I na nic były argumenty, że film nie jest podręcznikiem historii, lecz dziełem sztuki.
"To przecież list miłosny do Polski"
"Nieporozumieniem jest teoria, że zrobiłem film o polskiej współodpowiedzialności za Holocaust. Taki film powstał w Polsce i było nim 'Pokłosie'. Mnie jednak nie interesuje takie kino. Owszem, u mnie też jest mowa i o Holokauście, i o stalinowskich zbrodniach, ale jest też miłość i jazz, i kryzys wiary, i przede wszystkim kryzys tożsamości, z którym zmaga się Ida" – wyjaśniał zdumiony taką interpretacja jego filmu reżyser.
I dodawał ze smutkiem: – "Ida" jest moim listem miłosnym do pewnego rodzaju Polski, za którą całe życie tęsknię, a którą zostawiłem za sobą, wyjeżdżając z kraju. Napisałem tym filmem list miłosny, a oskarżono mnie o antypolskość.
Do burzliwej dyskusji o obrazie dołączyła też w ostatnich dniach premier Beata Szydło. "Oczywiście fakt, że polski film otrzymuje tak ważną nagrodę, jest dużym wyróżnieniem. Jednak według mnie akurat ten na pewno nie był promocją Polski, raczej rysował jej negatywny obraz. Pod względem artystycznym też mi się niespecjalnie podobał. Zdziwiłam się, że dostał Oscara" – przyznała szefowa rządu.
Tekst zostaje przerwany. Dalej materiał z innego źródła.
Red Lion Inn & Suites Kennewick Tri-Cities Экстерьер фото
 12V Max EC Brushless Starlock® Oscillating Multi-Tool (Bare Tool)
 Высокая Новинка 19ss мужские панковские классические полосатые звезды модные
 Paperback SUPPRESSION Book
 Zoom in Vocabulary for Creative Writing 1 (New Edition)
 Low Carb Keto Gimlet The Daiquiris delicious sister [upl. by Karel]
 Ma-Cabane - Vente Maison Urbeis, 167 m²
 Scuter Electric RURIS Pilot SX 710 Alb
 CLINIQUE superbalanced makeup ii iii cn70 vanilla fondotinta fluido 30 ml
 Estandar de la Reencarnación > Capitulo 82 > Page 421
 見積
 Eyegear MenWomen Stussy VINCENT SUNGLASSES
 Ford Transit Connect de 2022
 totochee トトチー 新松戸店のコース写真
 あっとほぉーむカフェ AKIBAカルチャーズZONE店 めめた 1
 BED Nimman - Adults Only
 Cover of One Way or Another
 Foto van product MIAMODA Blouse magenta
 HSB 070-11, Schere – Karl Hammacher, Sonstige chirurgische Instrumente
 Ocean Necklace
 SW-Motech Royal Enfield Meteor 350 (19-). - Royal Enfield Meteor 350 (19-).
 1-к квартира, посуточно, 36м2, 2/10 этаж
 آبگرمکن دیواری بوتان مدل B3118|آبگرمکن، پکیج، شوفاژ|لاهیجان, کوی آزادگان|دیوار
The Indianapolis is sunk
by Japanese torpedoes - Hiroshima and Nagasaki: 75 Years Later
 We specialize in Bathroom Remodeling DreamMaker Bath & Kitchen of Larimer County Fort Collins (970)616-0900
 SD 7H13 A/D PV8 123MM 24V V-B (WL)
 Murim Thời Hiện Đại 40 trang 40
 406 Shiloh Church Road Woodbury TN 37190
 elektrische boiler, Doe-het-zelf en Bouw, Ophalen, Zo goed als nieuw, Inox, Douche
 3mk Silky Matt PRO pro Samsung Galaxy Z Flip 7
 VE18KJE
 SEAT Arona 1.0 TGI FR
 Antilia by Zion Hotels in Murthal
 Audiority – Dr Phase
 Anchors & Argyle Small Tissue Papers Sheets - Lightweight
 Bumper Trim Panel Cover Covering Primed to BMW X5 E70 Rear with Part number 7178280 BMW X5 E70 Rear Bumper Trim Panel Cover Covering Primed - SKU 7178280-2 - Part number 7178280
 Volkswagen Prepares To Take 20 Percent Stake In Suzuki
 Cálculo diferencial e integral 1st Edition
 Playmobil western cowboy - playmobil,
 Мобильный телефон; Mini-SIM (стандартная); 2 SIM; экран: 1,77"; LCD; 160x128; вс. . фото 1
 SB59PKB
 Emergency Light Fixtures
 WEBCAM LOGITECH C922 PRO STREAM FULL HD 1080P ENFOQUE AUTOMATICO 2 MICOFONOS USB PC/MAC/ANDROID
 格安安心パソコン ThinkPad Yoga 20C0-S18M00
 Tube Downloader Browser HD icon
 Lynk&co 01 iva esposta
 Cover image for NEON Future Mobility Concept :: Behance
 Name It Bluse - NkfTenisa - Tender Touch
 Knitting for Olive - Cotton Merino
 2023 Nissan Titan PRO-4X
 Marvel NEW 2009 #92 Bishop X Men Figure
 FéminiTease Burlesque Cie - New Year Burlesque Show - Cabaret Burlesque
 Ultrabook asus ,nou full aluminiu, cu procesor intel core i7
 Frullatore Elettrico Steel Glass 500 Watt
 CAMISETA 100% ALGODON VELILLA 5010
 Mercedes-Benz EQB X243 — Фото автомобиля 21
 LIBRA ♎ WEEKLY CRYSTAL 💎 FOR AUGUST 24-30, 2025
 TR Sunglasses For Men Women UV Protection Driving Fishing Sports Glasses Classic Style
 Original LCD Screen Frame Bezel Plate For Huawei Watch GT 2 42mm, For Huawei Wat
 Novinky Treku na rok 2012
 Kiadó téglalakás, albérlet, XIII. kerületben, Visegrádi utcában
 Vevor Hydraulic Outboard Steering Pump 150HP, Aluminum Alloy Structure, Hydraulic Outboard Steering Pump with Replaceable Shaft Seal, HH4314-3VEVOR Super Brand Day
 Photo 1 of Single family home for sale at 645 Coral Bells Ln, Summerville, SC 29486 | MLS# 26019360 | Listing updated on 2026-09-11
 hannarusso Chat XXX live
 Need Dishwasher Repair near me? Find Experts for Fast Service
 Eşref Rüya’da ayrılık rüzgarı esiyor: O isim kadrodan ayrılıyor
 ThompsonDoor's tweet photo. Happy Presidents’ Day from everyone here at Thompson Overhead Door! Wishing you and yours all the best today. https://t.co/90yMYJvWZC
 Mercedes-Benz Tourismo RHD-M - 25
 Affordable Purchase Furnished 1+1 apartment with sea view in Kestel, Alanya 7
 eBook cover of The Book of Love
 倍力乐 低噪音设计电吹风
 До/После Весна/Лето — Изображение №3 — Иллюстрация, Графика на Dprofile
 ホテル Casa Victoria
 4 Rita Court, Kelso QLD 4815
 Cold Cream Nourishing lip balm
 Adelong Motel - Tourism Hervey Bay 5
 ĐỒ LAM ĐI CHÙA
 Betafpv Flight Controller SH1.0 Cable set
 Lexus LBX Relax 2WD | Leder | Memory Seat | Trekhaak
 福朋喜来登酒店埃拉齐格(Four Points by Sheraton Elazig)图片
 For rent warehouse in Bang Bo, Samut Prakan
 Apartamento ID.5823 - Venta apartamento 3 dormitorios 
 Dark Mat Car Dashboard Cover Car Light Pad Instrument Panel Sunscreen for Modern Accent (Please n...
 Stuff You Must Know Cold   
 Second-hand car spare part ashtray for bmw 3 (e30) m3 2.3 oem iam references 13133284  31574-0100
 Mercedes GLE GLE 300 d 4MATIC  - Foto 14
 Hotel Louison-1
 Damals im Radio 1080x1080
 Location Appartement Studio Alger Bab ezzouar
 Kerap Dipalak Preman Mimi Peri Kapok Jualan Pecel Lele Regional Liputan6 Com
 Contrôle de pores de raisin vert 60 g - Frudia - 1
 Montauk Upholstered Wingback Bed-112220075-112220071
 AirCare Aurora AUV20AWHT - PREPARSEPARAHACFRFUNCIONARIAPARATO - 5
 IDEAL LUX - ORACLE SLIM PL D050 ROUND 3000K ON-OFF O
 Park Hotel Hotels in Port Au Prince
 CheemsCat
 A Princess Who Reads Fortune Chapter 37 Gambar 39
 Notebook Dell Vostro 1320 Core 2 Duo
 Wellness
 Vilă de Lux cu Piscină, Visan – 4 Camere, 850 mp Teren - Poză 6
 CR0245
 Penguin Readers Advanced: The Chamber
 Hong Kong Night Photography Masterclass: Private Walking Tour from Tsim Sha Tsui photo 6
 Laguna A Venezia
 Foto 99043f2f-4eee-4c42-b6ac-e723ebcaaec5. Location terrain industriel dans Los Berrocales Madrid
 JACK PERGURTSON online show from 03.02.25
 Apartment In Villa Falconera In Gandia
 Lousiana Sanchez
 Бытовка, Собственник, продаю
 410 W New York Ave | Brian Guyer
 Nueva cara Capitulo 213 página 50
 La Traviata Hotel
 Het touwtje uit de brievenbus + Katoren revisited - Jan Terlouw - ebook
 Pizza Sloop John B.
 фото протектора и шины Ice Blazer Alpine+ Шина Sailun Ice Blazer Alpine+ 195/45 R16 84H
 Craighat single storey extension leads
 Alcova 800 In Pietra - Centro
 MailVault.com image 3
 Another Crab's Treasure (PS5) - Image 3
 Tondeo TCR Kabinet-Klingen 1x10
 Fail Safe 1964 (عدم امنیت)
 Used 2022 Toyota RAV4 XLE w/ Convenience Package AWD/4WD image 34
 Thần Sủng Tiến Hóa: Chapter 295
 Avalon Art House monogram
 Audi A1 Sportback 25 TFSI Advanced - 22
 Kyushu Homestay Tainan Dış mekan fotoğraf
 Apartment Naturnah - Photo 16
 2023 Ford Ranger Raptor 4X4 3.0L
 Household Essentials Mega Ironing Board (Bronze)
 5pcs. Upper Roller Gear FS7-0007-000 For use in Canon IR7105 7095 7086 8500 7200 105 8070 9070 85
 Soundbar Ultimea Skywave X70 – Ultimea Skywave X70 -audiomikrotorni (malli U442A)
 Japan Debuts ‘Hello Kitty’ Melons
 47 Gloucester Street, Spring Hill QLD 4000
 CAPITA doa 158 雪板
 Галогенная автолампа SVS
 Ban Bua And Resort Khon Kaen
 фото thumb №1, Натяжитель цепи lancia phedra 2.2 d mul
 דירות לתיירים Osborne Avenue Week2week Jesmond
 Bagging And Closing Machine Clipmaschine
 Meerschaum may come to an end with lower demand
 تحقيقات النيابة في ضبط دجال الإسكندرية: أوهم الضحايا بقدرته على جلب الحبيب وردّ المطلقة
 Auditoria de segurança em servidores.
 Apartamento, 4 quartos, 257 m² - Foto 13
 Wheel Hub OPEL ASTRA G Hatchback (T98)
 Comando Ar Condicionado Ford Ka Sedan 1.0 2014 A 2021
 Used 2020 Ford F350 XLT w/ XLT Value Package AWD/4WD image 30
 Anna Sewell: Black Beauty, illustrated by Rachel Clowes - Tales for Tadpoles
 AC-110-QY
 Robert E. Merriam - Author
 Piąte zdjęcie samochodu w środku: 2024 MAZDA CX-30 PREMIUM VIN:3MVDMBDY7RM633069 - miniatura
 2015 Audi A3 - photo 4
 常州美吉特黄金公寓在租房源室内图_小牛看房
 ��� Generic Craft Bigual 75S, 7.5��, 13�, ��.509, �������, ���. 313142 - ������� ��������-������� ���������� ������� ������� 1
Dodała, że czeka na superprodukcje, które w odpowiedni sposób będą pokazywały polską historię. – Najlepiej, gdyby to były filmy w stylu amerykańskim - stwierdziła.
A świat na to: "Ida" to film roku
Tymczasem o odbiorze "Idy" na świecie, obok zdobytych przez nią niemal wszystkich najważniejszych w branży nagród, najlepiej świadczy recenzja mieszkającego w USA brytyjskiego krytyka Davida Thompsona. To jeden z największych żyjących znawców kina, autor wydanej także naszym kraju wspaniałej książki "Zrozumieć Hollywood".
Podczas gdy "The New York Times" ogłosił "Idę" filmem roku, Thompson napisał: "Ida" to wielki film z pogranicza wiary i rozpaczy" i porównał go do dzieł Dreyera i Bressona. Dla niego to film o spotkaniu dwóch kobiet, z których jedna, prokurator ma "zdruzgotaną duszę", a druga, w habicie – pragnie ją wybawić. Samą opowieść nazwał Thompson "zderzeniem dwóch postaw: walki o lepszy świat wynikłej z gniewu, nieliczącej się z kosztami – oraz walki wynikłej z wiary.
Która z tych postaw bierze górę i wygrywa w obrazie Pawlikowskiego, wiedzą wszyscy, którzy widzieli "Idę". Reżyser nikogo w swoim filmie nie potępia, nie ocenia i nie stygmatyzuje. Otwiera wyłącznie pole do dyskusji o winie i karze, o naszej pamięci i duchowych poszukiwaniach, bez których niemożliwe jest prawdziwe człowieczeństwo.
To właśnie w filmie polskiego reżysera doceniło i uhonorowało Oscarem ponad 6 tys. członków Amerykańskiej Akademii Filmowej.